朝、宅配便で「撮り・旅!」の見本誌が届いた。

慎重に梱包を解き、本を一冊取り出す。カバーと帯、クラフト紙の表紙、微塗工紙の本文紙、肝心の印刷の具合を確かめながら、1枚ずつページをめくっていく。特に問題はないようだ。よかった。ほっとした。うれしいというより、とにかくほっとした。

ほっとしたら、力が抜けた。それから一日、何もする気が起きず、腑抜けのようになって過ごした。終わった。

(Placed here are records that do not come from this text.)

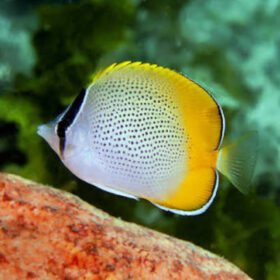 Chaetodon Guentheri, Crochet butterflyfish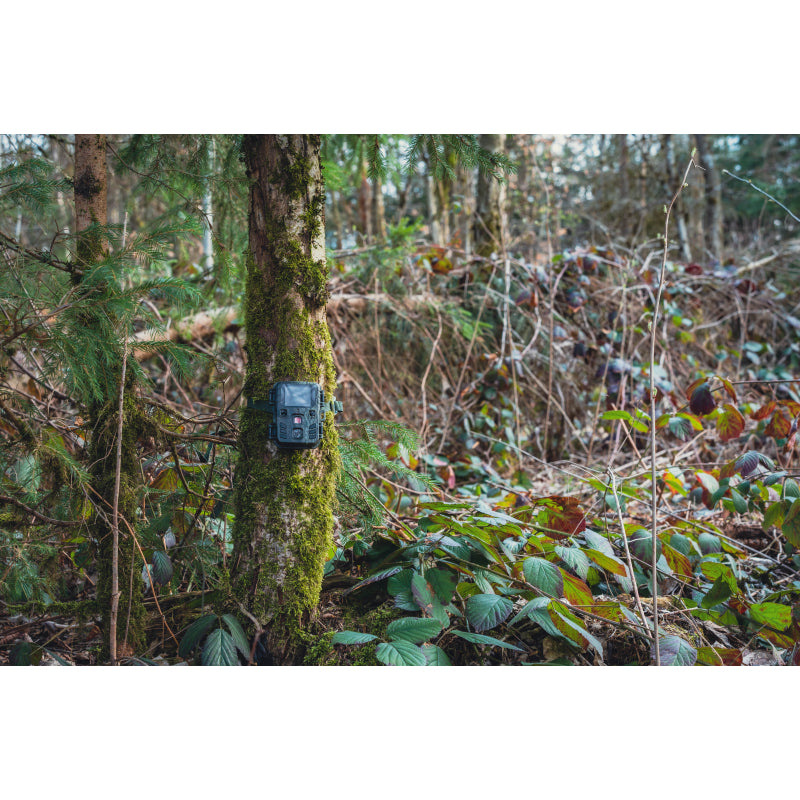 BRAUN Scouting Cam Black200 Mini Trail Camera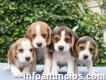 Beagles Tricolor Nacionales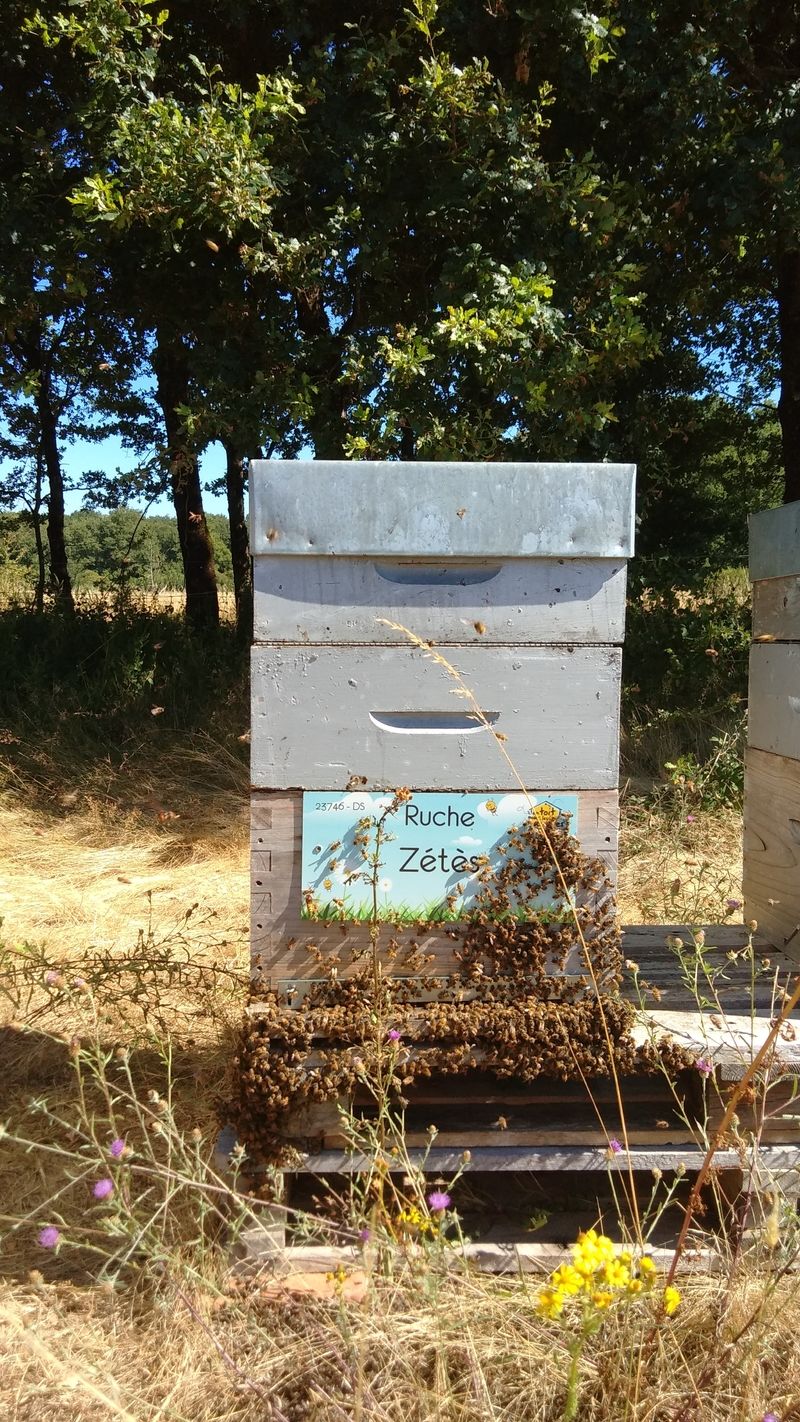 La ruche Zétès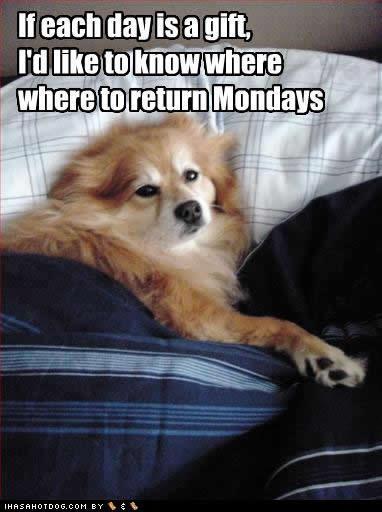 Monday-returns.jpg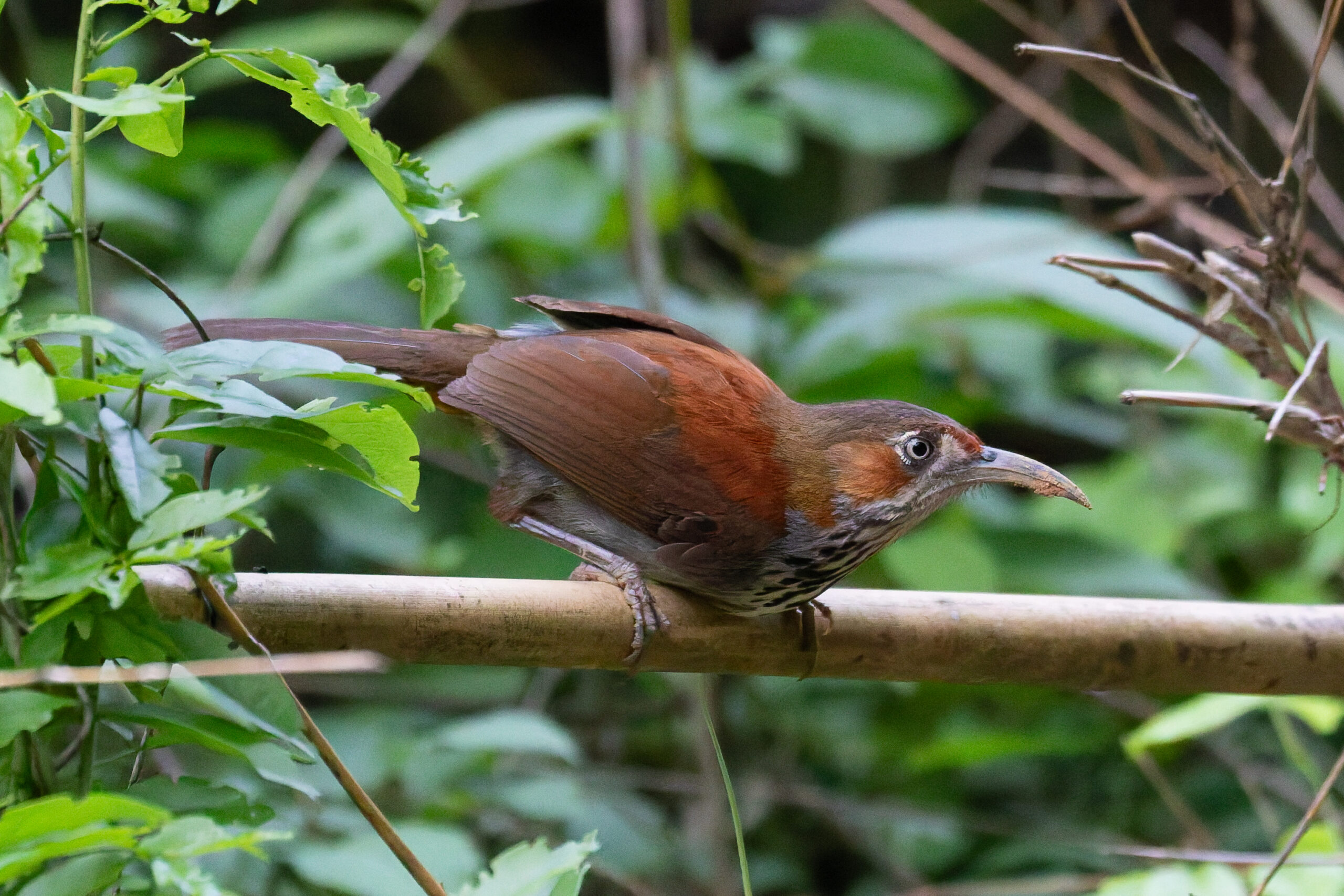 Grey-sided Scimitar Babbler (image by Diedert Koppenol)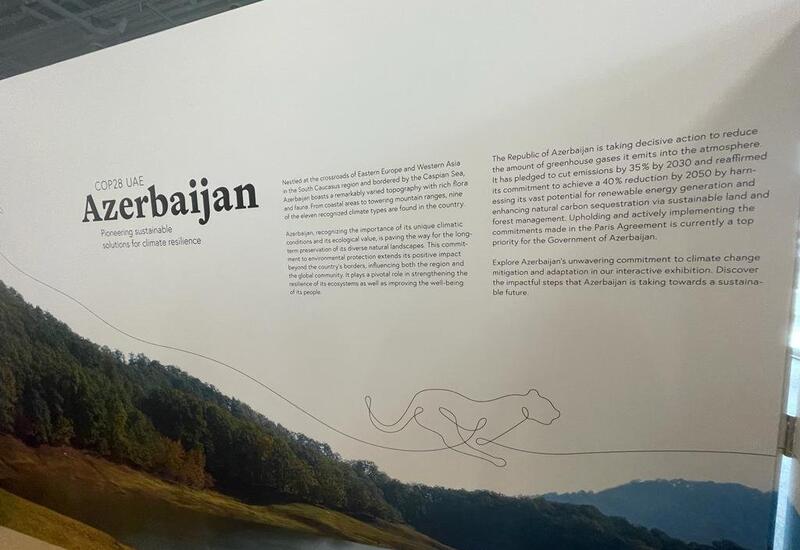 Азербайджан впервые представлен павильоном на COP28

終わったんだな。

島田潤一郎「あしたから出版社」

あしたから出版社吉祥寺のひとり出版社、夏葉社を経営する島田潤一郎さん自身による初の著書「あしたから出版社」。島田さんの文章は今はもうなくなってしまったブログで何度か拝読していて、その飾らないユーモラスな文体がすごくいいなあと思っていたので、この本も読むのをとても楽しみにしていた。で、自分の本が校了した後の帰り道、三鷹の啓文堂書店でこの本を買い、その日のうちに一気に読んだ。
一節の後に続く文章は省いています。